I am doing some works about DSP(digital signal process), and there need to generate a discrete complex white gaussian noise signal. I know I can use numpy.random.normal(0, 1, n) to generate the discrete sequence, but it is in real number field. It is easy to simulate with Matlab, but I wander how to replace matlab code with python?

like image 521
Hu Xixi Avatar asked Oct 18 '25 15:10

Hu Xixi


1 Answers

Here's one way you can do it. This generates an array of standard normal variates of shape (n, 2), and then uses the .view() method to view the array as an array of complex values with shape (n,).

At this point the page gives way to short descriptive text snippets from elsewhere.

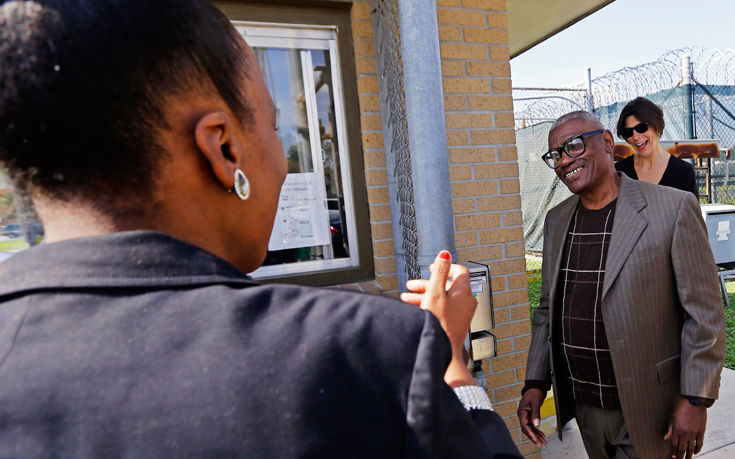 AP_17319684442369 AP_17319684442369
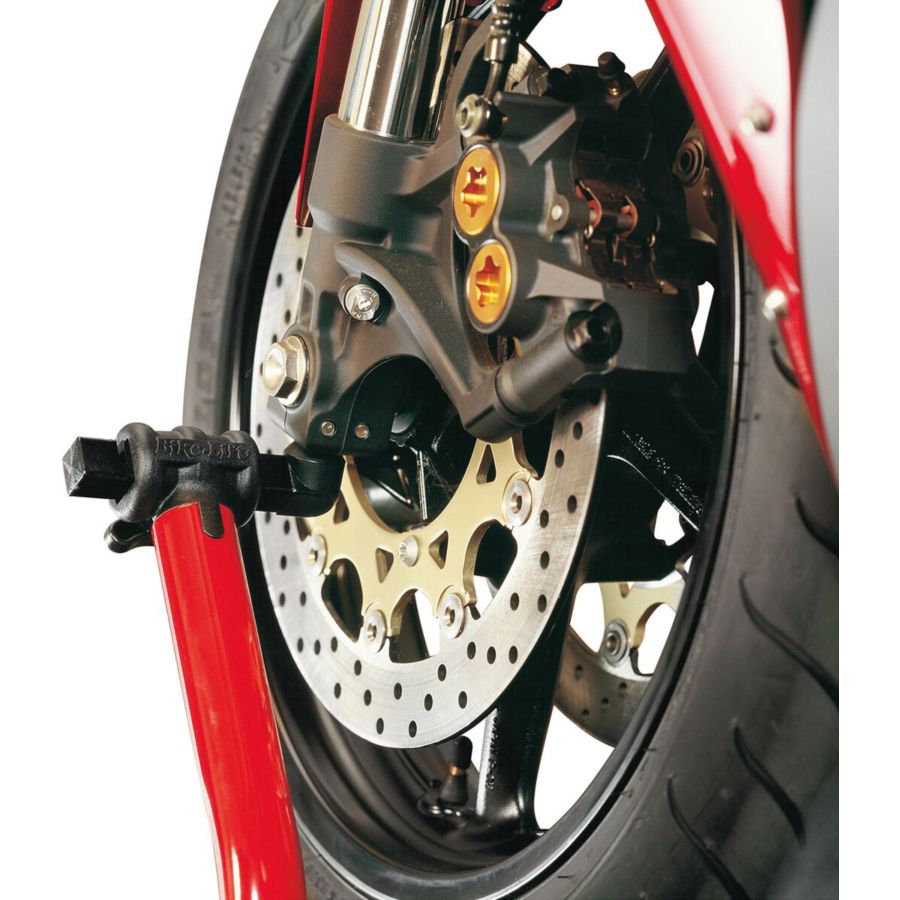 Adapter podnośnika BIKE LIFT FS-10 APRILIA NA 850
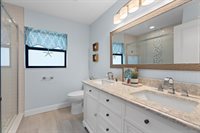 1340 SW Squire Johns Lane, Palm City, FL 34990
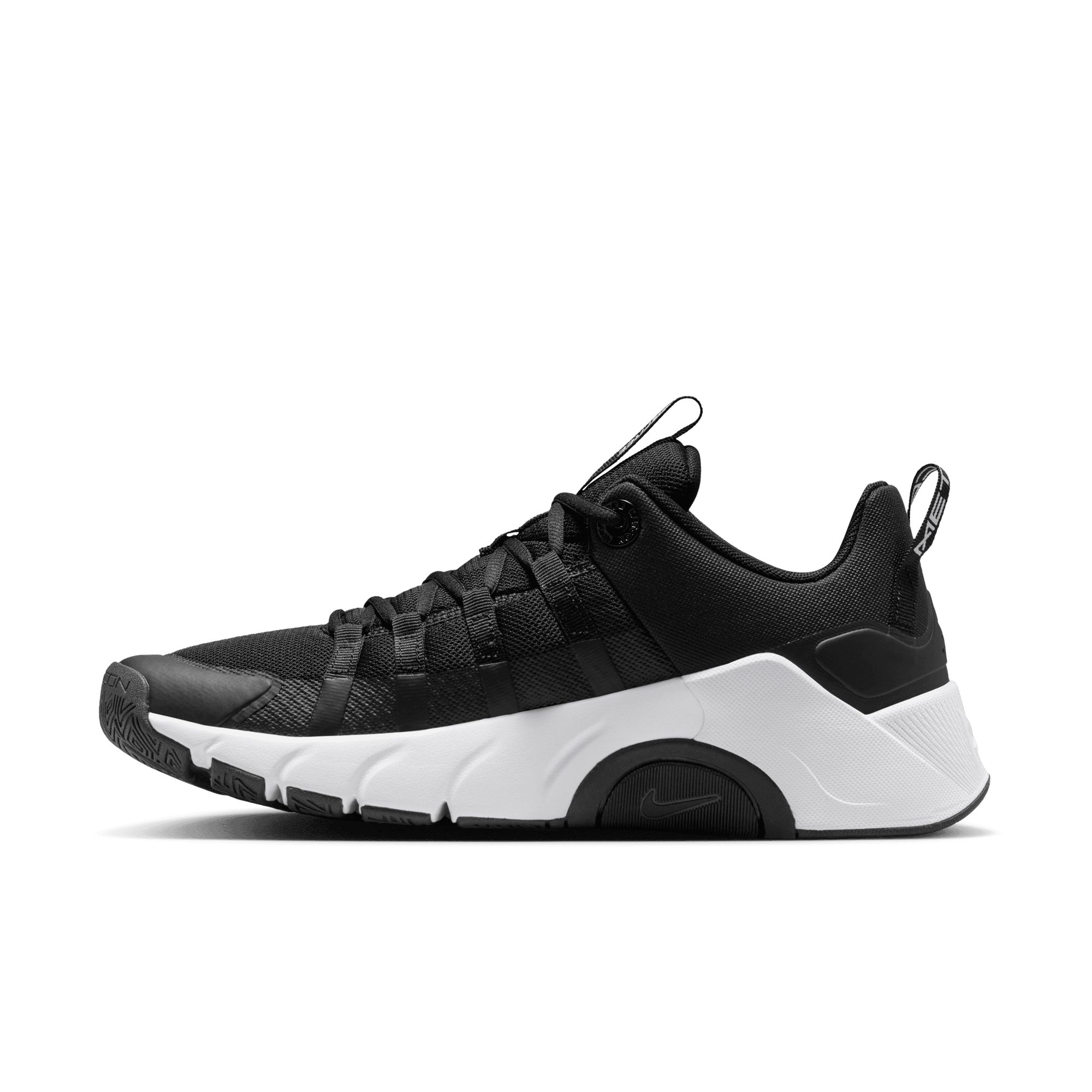 Nike Men's Free Metcon 7 Training Shoes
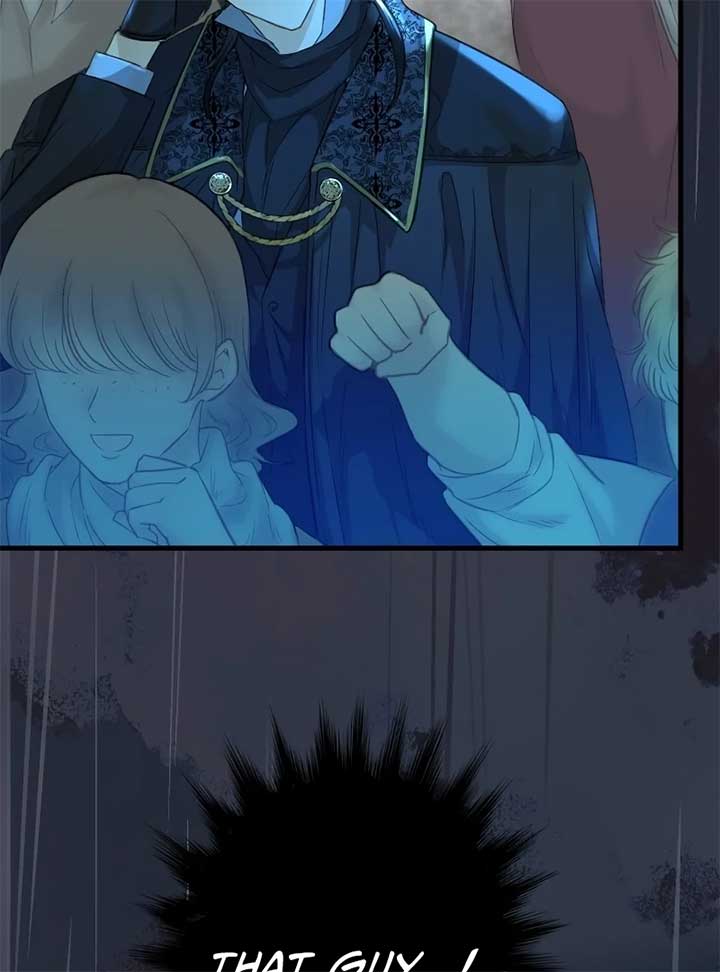 The Prostitute Plays The Role Of A Queen Chapter 1 - Page 51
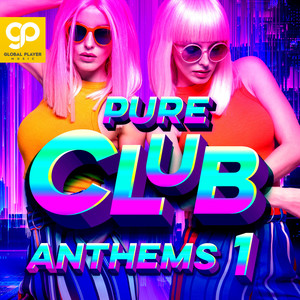 Adieu (Radio-Edit)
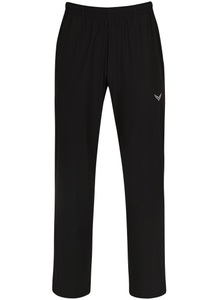 Trigema, Trigema Jogginghose, mit elastischer Kordel, 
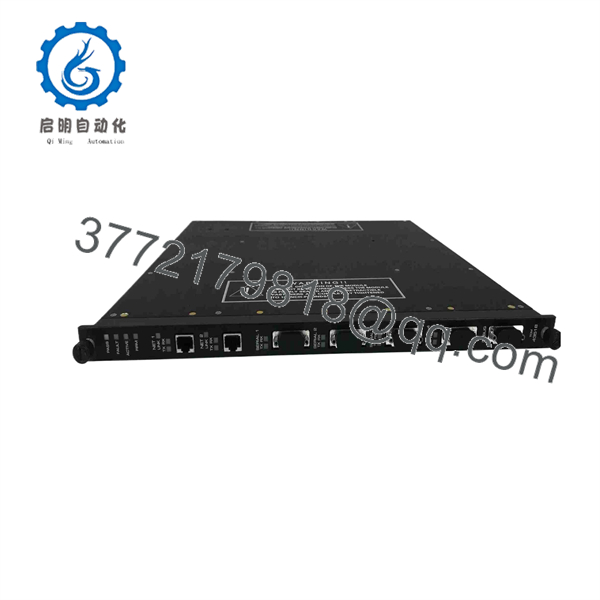 4351B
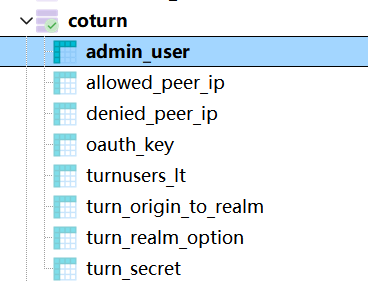 sql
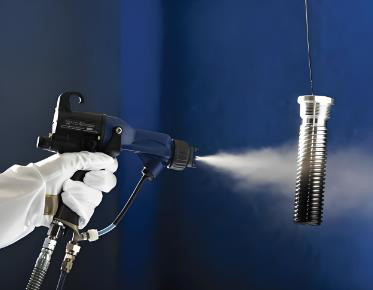 應(yīng)用場(chǎng)景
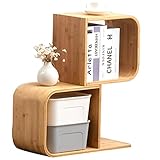 Msuiiixcccc Regale Boden Lagerregale Gitter...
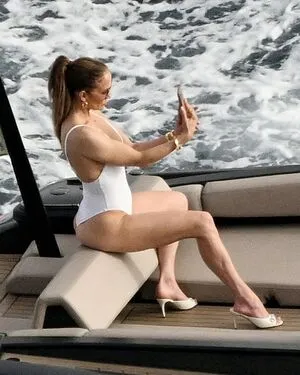 Jennifer Lopez OnlyFans Leaked Free Thumbnail Picture - #imB92EnrA9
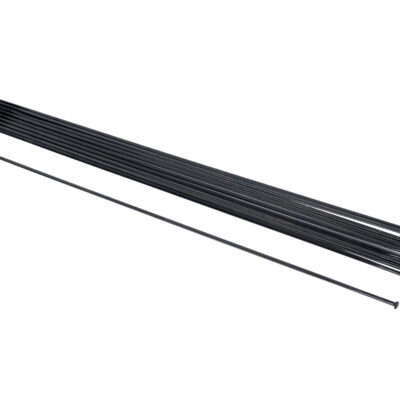 Bontrager-Eker-Aero-Comp-1-20250323-121231.jpg Bontrager Eker DT Aero Comp Bladed Nail-Head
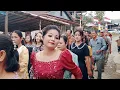 Download Lagu Maena Nias - Fangowai Tome Moroi ba Zowatö Desa Tögizita - Hilimegai | OMK Tögizita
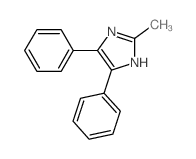 2818-82-8 structure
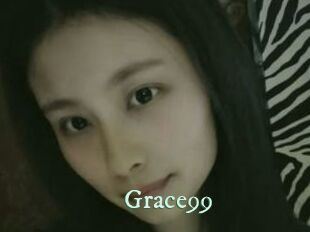 Grace99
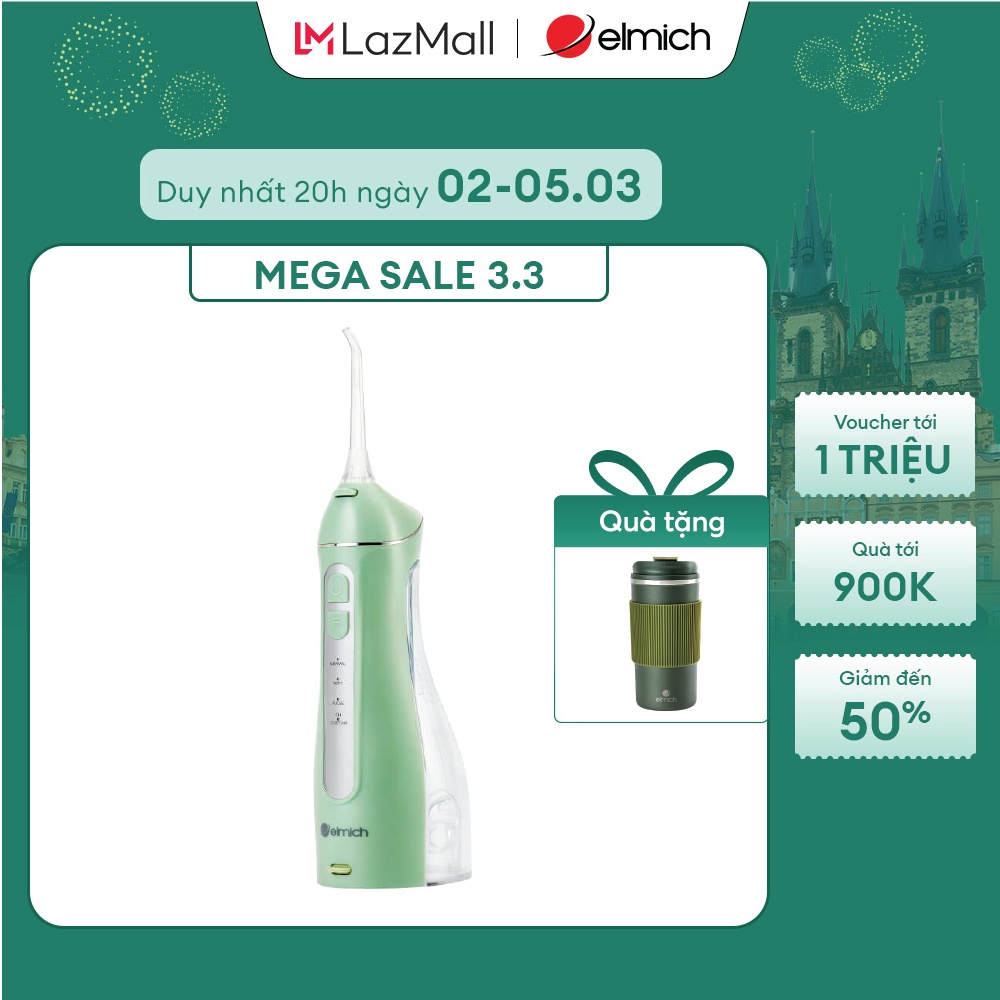 Lazada tr&ograve;n 14 tuổi: Tung sale sập s&agrave;n đến 50%, b&igrave;nh giữ nhiệt, tăm nước, ghế ngồi... đều c&oacute; gi&aacute; HỜI CHƯA TỪNG THẤY- Ảnh 5.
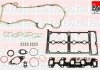 Набор прокладок, головка цилиндра Fischer Automotive One (FA1) HS1321NH (фото 1)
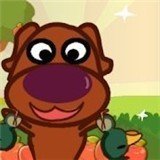 奇怪的鸭子官网版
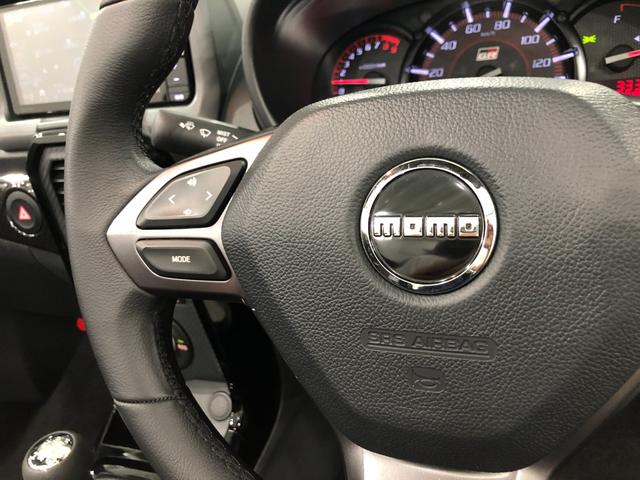 コペンＧＲ　スポーツ　走行２７７８２キロ／車検整備付／５速ＭＴ一年保証・走行距離無制限走行　走行２７７８２キロ　フルセグナビ　ブルートゥース　バックカメラ　ＤＶＤ　ＥＴＣ　オートライト　ＬＥＤヘッドライト　シートヒーター（埼玉県）の中古車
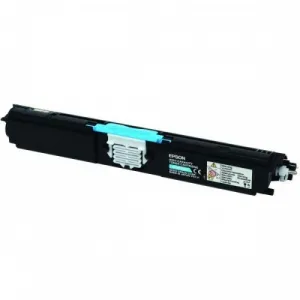 Epson S050556 azúrový (cyan) kompatibilný toner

In [26]: n = 10                                                                                                     

In [27]: z = np.random.randn(n, 2).view(np.complex128)                                                              

In [28]: z                                                                                                          
Out[28]: 
array([[ 0.90179497-0.14081956j],
       [-2.17633115+0.88782764j],
       [ 0.94807348+0.27575325j],
       [-1.25452512+0.64883484j],
       [-0.58886548+0.15419947j],
       [ 0.58296574+1.45711421j],
       [ 0.803825  +0.6197812j ],
       [ 0.09225137+0.38012939j],
       [ 0.5017482 -0.39747648j],
       [-1.00186317+1.02918796j]])

You can replace np.random.randn(n, 2) with np.random.normal(size=(n, 2)) if you prefer to use that function.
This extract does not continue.